Scenario: I have <20 number of systems/equipment all producing csv. files regularly. The .csv file has a max of 50 columns and 5000 rows but both column and row number varies depending on the file. The column headers are always written in the same way but the number of columns vary between equipment but the first three columns are always the same. The csv. files are stored on a shared server.

High level intent: I would like to automatically send the data within these .csv files to a single access database as either separate tables (named as the file is named) or into a monthly table depending on when the transfer happens with an added column stating the file name for grouping purposes. I also need to make sure the format of each column is correct e.g. date/time, text and number, as i wish to graph this data after importing.

Proposal, as mentioned i don't know if this is the best way to achieve my high level intent: Would it be possible to move (using a digital transfer agent) the csv. file into a template that contains a VBA code to send the data to a specified Access database with the correct formatting?

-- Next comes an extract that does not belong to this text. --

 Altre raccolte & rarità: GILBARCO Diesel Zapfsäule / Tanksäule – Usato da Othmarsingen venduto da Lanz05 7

Thank you in advance for your help.

Roy
 
Welcome to AWF.

"... the number of columns vary between equipment but the first three columns are always the same."

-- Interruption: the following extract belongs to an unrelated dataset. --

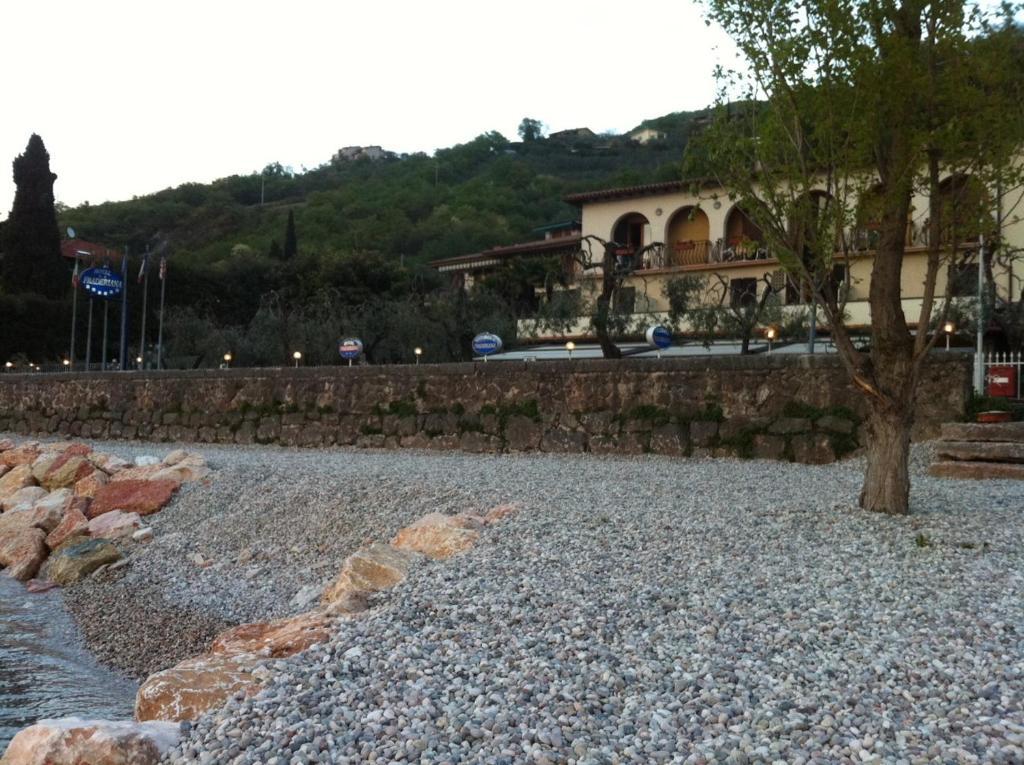 Hotel Fraderiana Torri Del Benaco Bagian luar foto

Does each piece of equipment produce consistent formats in its csv files? Or can the same piece of equipment produce inconsistent formats for each csv that it creates?

If the former is true, you can create import specs for each piece of equipment and handle them consistently. If the latter is true, you can still accomplish the end goal, but with more intensive manipulation in VBA to get to the end goal.
 
Welcome to AWF.

"... the number of columns vary between equipment but the first three columns are always the same."

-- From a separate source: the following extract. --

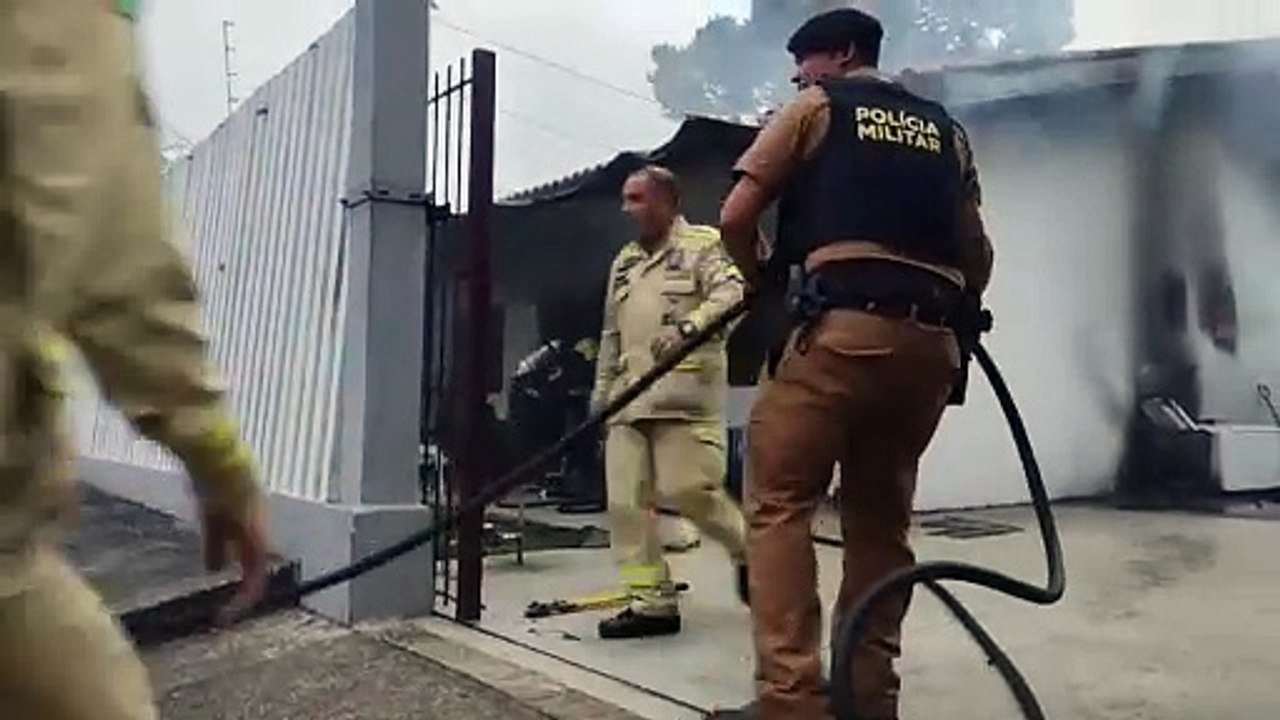 Incêndio em oficina de motos mobiliza bombeiros até o Parolin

Does each piece of equipment produce consistent formats in its csv files? Or can the same piece of equipment produce inconsistent formats for each csv that it creates?

If the former is true, you can create import specs for each piece of equipment and handle them consistently. If the latter is true, you can still accomplish the end goal, but with more intensive manipulation in VBA to get to the end goal.
Very good point, the first three columns are the only ones that will not be number format.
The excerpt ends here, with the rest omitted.